Throughout this post I draw comparisons between materials banks and coursebooks. It would be unfair to tar all coursebooks with the same brush. You may well find a diamond in the rough. The type of coursebook I refer to is one built around a focus on forms approach and tightly bound to a structural syllabus. That is, a book that supports a structure-of-the-day approach, where the students’ primary focus is on form (i.e., accuracy) and where the activities are directed intensively at a single grammatical structure, lexical set, function, etc (Ellis 2001). A coursebook of this nature guides the teacher through a series of pre-ordained forms from a pre-selected syllabus (set by the order of chapters in the book), of which the learner has had little to no say over the content. In each lesson the majority of attention and time is dedicated to working on the meaning & form of one discrete item at the expenses of communicative activities and may restrict time allowed to focus on emergent language.

Likewise, to clarify, there are materials banks that are also based on a focus on forms approach and seemingly only produce worksheets organised by the principals of a PPP that can already be found in coursebooks. An ideal materials bank, in contrast, should be free or affordable, contain highly flexible materials and not conform to one distinct methodology. The majority of these ‘ideal banks are run by everyday teachers and independent materials writers, not by the big publishers.

Four thoughts on why a materials bank offers more than coursebooks

1. Ability to pick & choose selectively

Many materials banks take the form of blogs, such as decentralisedteachingandlearning.com, film-english.com, lessonstream.org; social media groups, like Free and Fair ELT; or can be realised in a book or ebook, e.g. At work by Paul Walsh. Materials banks are non-sequential and do not impose a syllabus or order of lessons to be followed. They allow teachers to dip in and out of the bank as they please to cherry pick and adapt the materials to their students’ needs and level. Materials could be used in a one-off class or build a series of classes.

The majority of resources featured in an ideal materials banks are written for the teacher. They can be accompanied by instructions on how the material ranging from a detailed lesson plan, a paragraph summarising how they used the material in the past, or a couple of bullet points suggesting things that went well when tried out.
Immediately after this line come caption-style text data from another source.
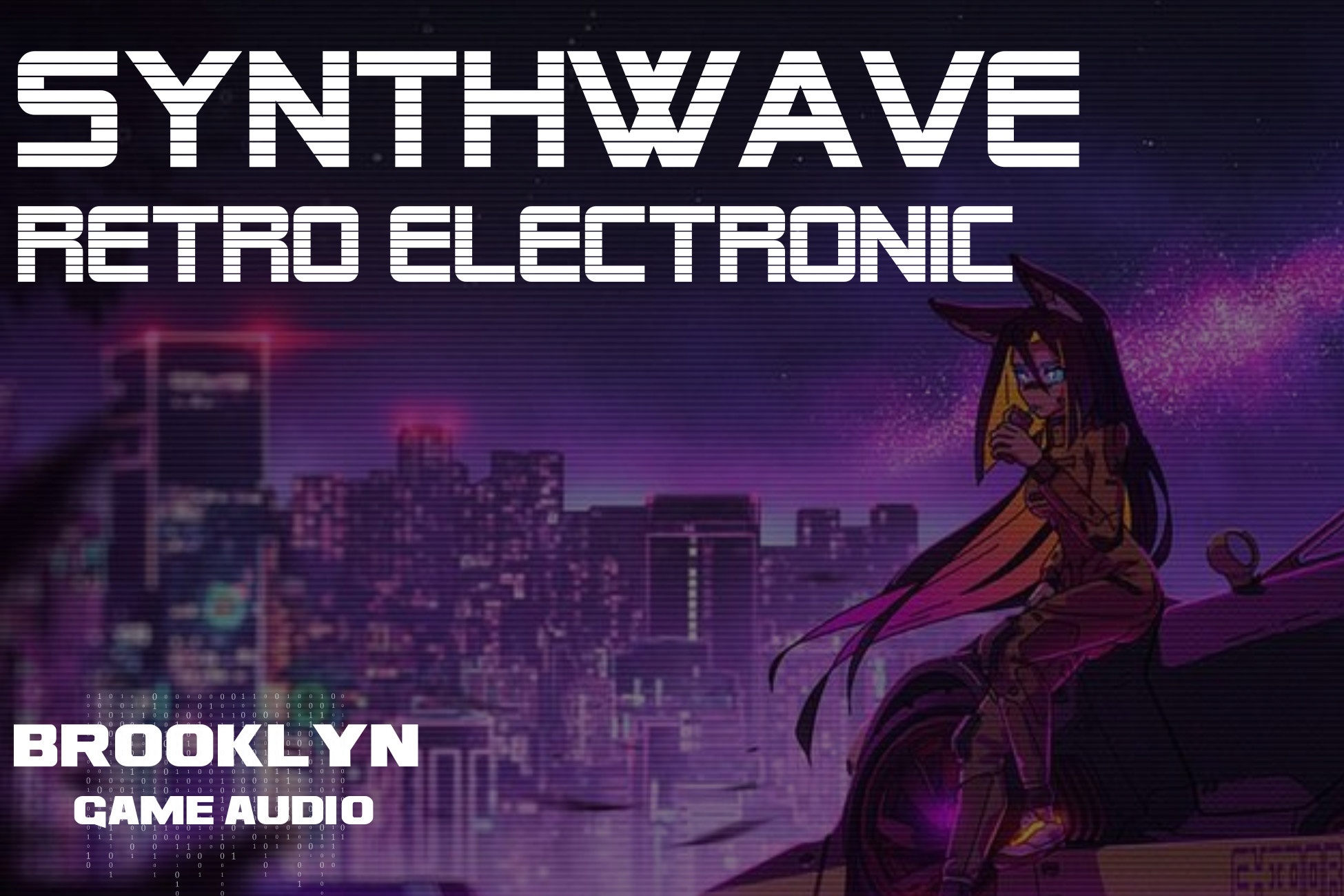 Synthwave Retro Electronic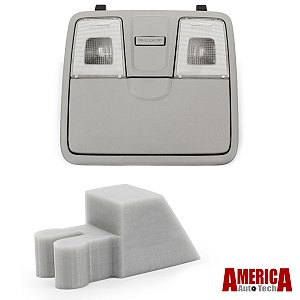 Kit Reparo Trava Porta Óculos Hyundai HB20 2012 2013 2014 2015 2016 2017 2018 2019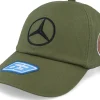 Fashion Formula One Mercedes Amg F1 23 Special Edition Russel Vintage Find Green Dad Cap -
However, as many things in ELT, I feel less is more when it comes to instructions for teachers! With increased flexibility of use, the onus is placed on the teacher (and rightly so) to adapt the materials to the needs of their learners and apply their own pedagogical beliefs. Conversely, a coursebook is inevitably written for and to be sold onto a student. The materials are tied to the method in which the book is written to support (whether it be PPP, the lexical approach, etc) and show little courtesy to experienced teachers. As teachers we need to ask who knows our students better – the coursebook writer or you?

An all-too-familiar scenario: it’s day one of class with a new group and the first thing I want to know is what makes them tick and what their needs are. The next week often proves to be one of the busiest as hours are invested outside the classroom to put a plan of action together that has been negotiated to some extent with the students. This comprises a series of tasks that rely on input from a range of materials banks and authentic materials. At this point, the last thing I require is a pre-packaged, sequential syllabus with strict instructions on the box – that’s to say, a student coursebook accompanied by a teachers book. This is where the flexibility of a materials bank could come in handy. Just imagine if you could filter by level, topic, input (listening/reading), desired output (speaking/writing), possible focus on form, and so on.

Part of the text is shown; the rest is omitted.